My advice is to start now, and practice a little every day!
Inspect and feel as many different chickens as you can.
Don’t overwhelm yourself, just spend a couple minutes at it everyday.
karl buff chicken
And if your chickens aren’t friendly towards you, this is also a good opportunity to change that! Teach them (with lots of treats- try meal worms!) and show them that you’re actually a pretty cool person.

By the way, there are no right answers here. I am just giving you a guide.
The point is to learn about your specific flock.


Chicken Normal
Chicken Feet and Legs

Look at the bottom of the feet, note the texture.
How about the legs- how scaly are they?
How thick are the legs? Is there a difference in size between breeds or sexes?
Note the color- did you know a rooster’s legs can turn more red when his hormones are a ragin’.

Chicken Body
The vent: make sure you can easily locate it.
Is it free of poop and debris?
Is it pink and puckering (sorry for that one!).

Make an imaginary triangle connecting the hens two feet and vent. In the middle of this triangle is an important area because it is one of the places you will need to feel if a hen is suspected to be egg-bound. “The fluffy undercarriage,” as I like to call it. Feel how firm it is.

The wings: how do the hens carry them (are they droopy or held in tight to the body)?
If she’ll let you without too much fuss, note the feather shafts underneath the wings.

Put your ear against the chicken’s back- do you hear any sounds?
Whitey Chicken Head

Feel the crop (gently) at different times of the day- is there a difference between morning and night?
Is it hard as a rock or squishy?
Can you move it from side to side?
Do they mind you touching it?
Can you see it sticking out as she just stands there?

Head: what color are the comb and wattles and is there a big difference between chickens?
Are the nostrils clear?
What about the corners of the eyes?

General Behavior
Yes, chickens are weird little creatures- but they do have personalities and specific habits that you can learn. Like this, the meeting of the minds on our back deck. I swear I didn’t place them in this position!
Chickens circle
A recent example: the day after I removed our sweet sick Buff Orpington hen from the flock (and into the house for sick care), one of the other chickens started acting funny. For several days in a row I would find her still wandering outside while all of the other chickens had already put themselves in the coop a half hour ago: not at all normal. She had a spastic, frantic-ness to her: not normal. She even followed me (without question) over to where the dog was tied up, when all of the other chickens were staying VERY clear of him: not smart.

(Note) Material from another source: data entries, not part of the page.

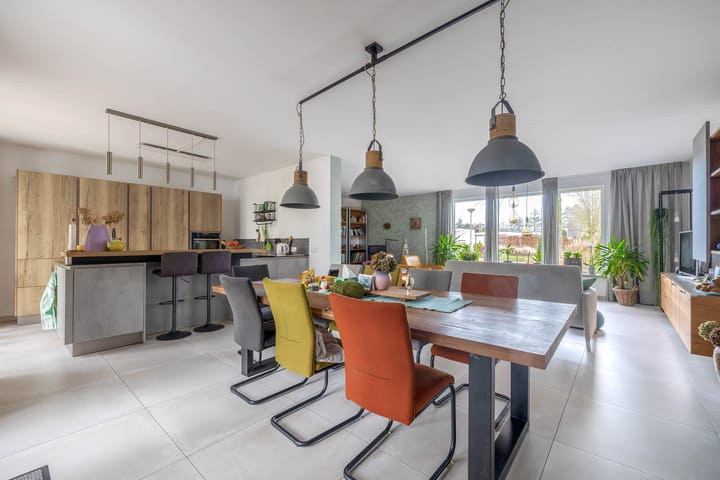 Foto 12 van Orchideeweg 10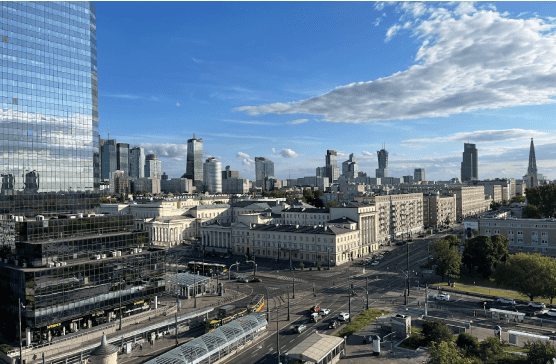 Wirtualne biuro - realne korzyści dla Twojej firmy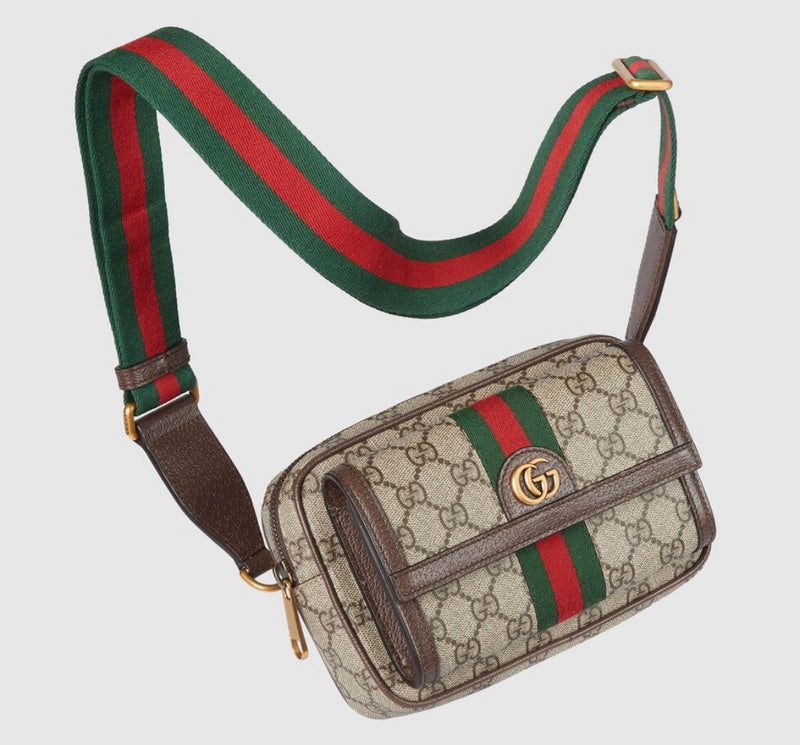 COZY BAGS - GUKI Women Bags - 397
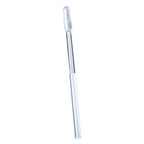 Reusable Sticky Ear Pick 24Pcs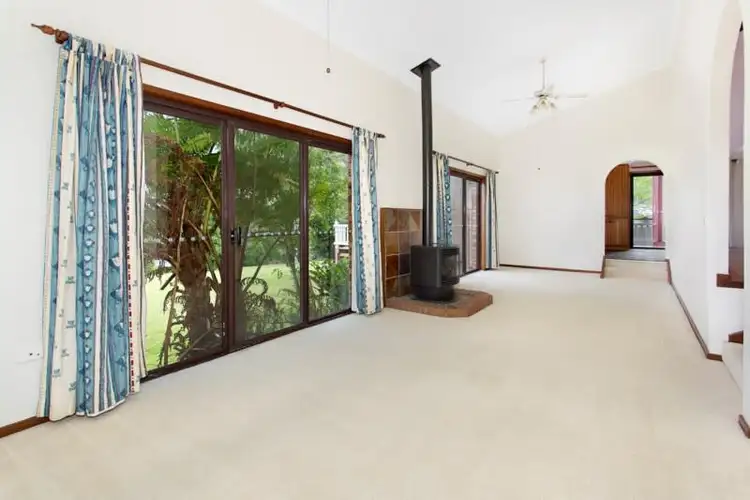 Fifth view of Homely house listing, 11 Stewart Place, Kiama NSW 2533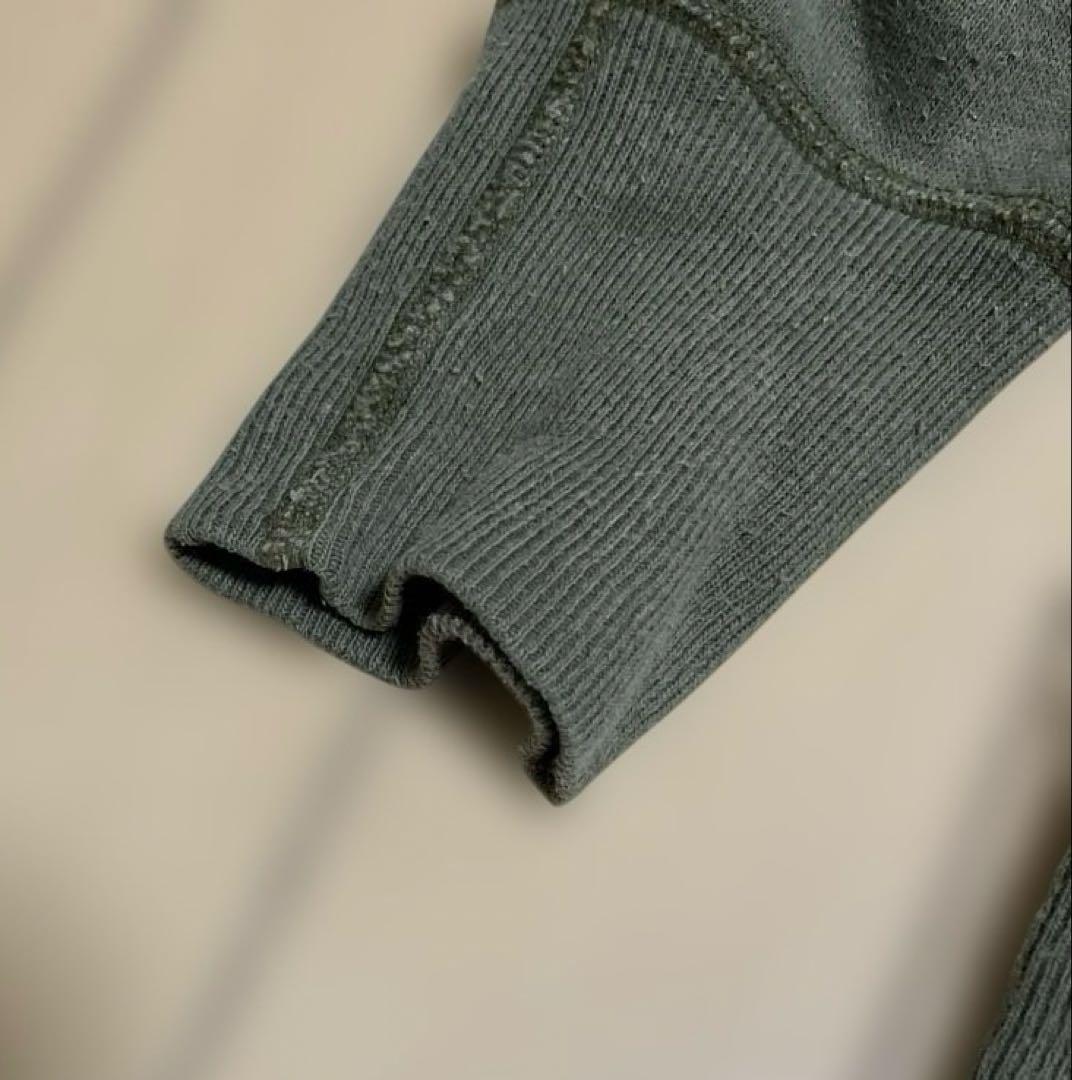 Warehouse スウェット 42 Trinidad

I picked her up and looked her over; nothing obviously wrong. I concluded that she was looking for her friend (who had now passed away) and seemed to be desperately trying to locate her. It broke my heart a little. If I didn’t know what her normal was, I might not have even noticed this different behavior. If I didn’t know what a normal, healthy chicken looked and felt like, I might be left wondering if she was sick- I might have even treated her unnecessarily for something else, causing more stress to her.

Coming to the conclusion that she was mourning, I have been able to give her a lot of extra love, attention, and treats, which I hope will help her cope just a little better. It also tells me that I need to keep an extra close eye on her because she isn’t thinking as clearly.

So- what do your chickens do every day? Do they have a routine?
Is anyone a big meanie?
Who is at the top and who is at the bottom of the pecking order?
Are there any chicken-cliques?
Do they usually run to greet you, or run away from you?
Do they talk to each other- can you tell what they are saying (I can sometimes!)?

Learn all of these things and you’ll be prepared to handle any chicken problem that comes your way. It’s really just part of being a good, responsible chicken-care taker. We’re their first line of defense when something goes wrong- and they’re counting on us!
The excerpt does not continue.